Decide if you wish to acquire or produce and commission content or if you would like a mix between the two. Acquiring content will allow you to save costs on the creation of a production studio. Producing content on your own will lead to more control on the kind of programming you wish to put on.
Decide how much new content you will need per day. For example, a live sports channel would need more new content than a classic movie channel where reruns would be more typical.
Choose between standard definition and high definition. The costs of creating standard definition and high definition are not hugely different, but the transportation of high-definition content to the media centre will cost nearly four times as much. High definition is becoming the standard, however, and you must decide what kind of trade-off you wish to make.
Create a business plan and begin showing it to potential investors to receive funding. Use resources from the Small Business Administration (SBA) and SCORE. Getting funding can take years or just a few months, but it will go forward only with discipline and a lot of hard work.
Begin contacting programs you would like to show on your channel, negotiating content rights and/or create programs that you would like to show on your station. To contact these programs, contact the production companies that have created the content. A great way to see what is out there is to contact the local production companies in your area and set-up a meeting with the associate producer of the company.

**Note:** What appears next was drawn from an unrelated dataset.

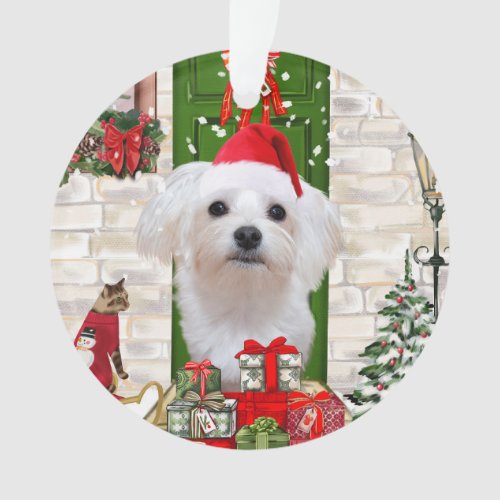 Maltese Dog Christmas  Ornament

Schedule your programs in such a way as to appeal to your target demographics and sponsors. For example, Spike TV would schedule live WWE in the evening and reruns late at night, while it might schedule more family-friendly movies early Saturday and Sunday morning.

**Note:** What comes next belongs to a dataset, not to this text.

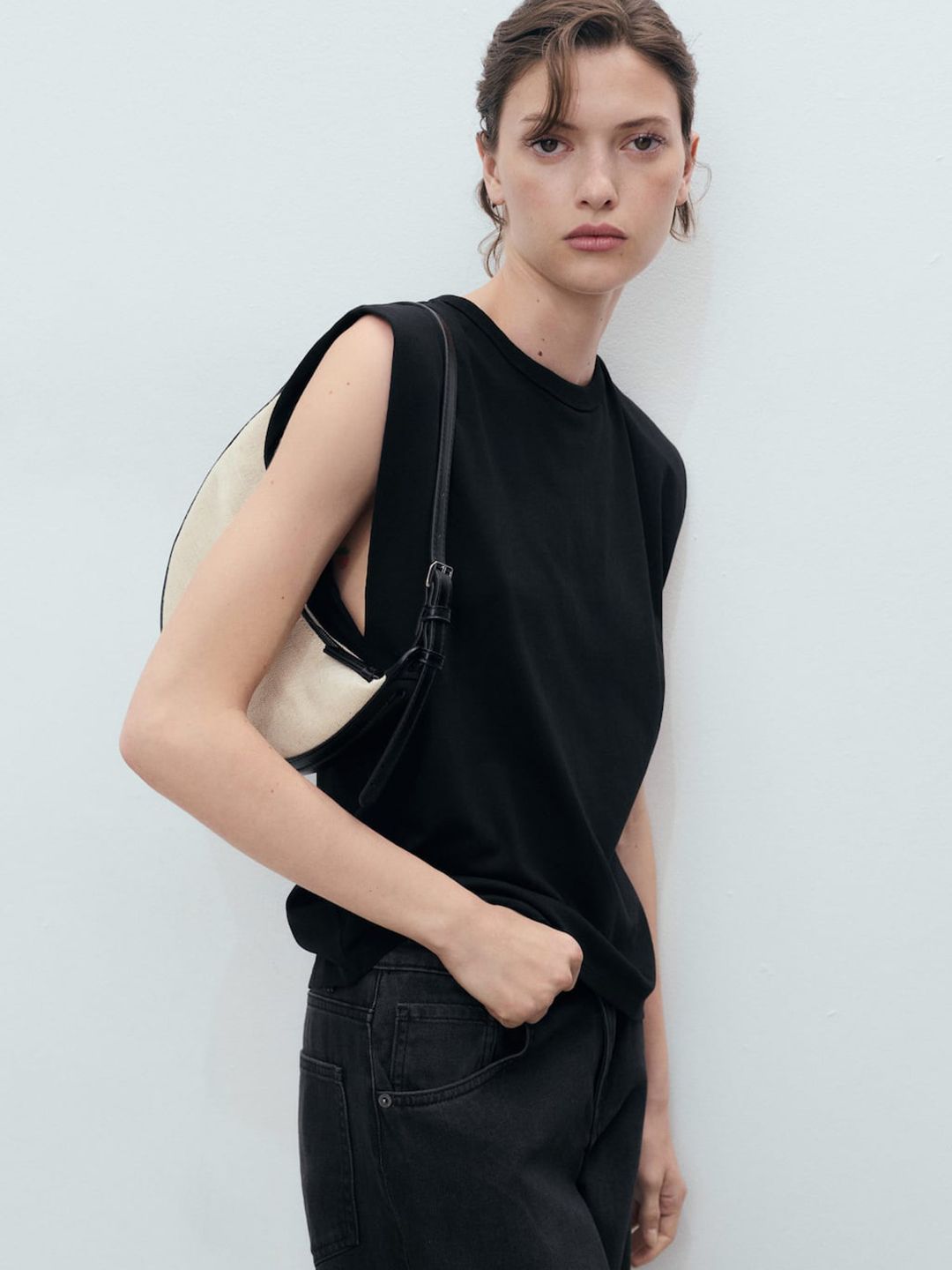 Extended Sleeves Pure Cotton Sleeveless T-shirt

Get a license if your platform requires it. If you will be transmitting your channel in the United Kingdom, you will need a license from the Office of Communications (OFCOM); in the United States, you will need a license from the FCC (Federal Communications Commission). You do not need a license for web TV.
Decide how you will be getting your content to the media centre where your channel will be launched from. Your options are: File Transfer, Satellite, and Courier. File transfer involves sending your files over the Internet through an FTP server. Satellite involves your content being sent through satellite waves. A courier service uses the tradition method of sending a courier with tapes to the media centre. Evaluate the three methods in your area for cost and effectiveness and make your decision.
Create an advance playlist using Microsoft Excel. This will instruct the server what program to play at a certain time before it is transferred to the distribution platform of your choice.
Recruit advertisers with an in-house sales team or a media sales agency.
Launch your channel with a word-spreading launch party.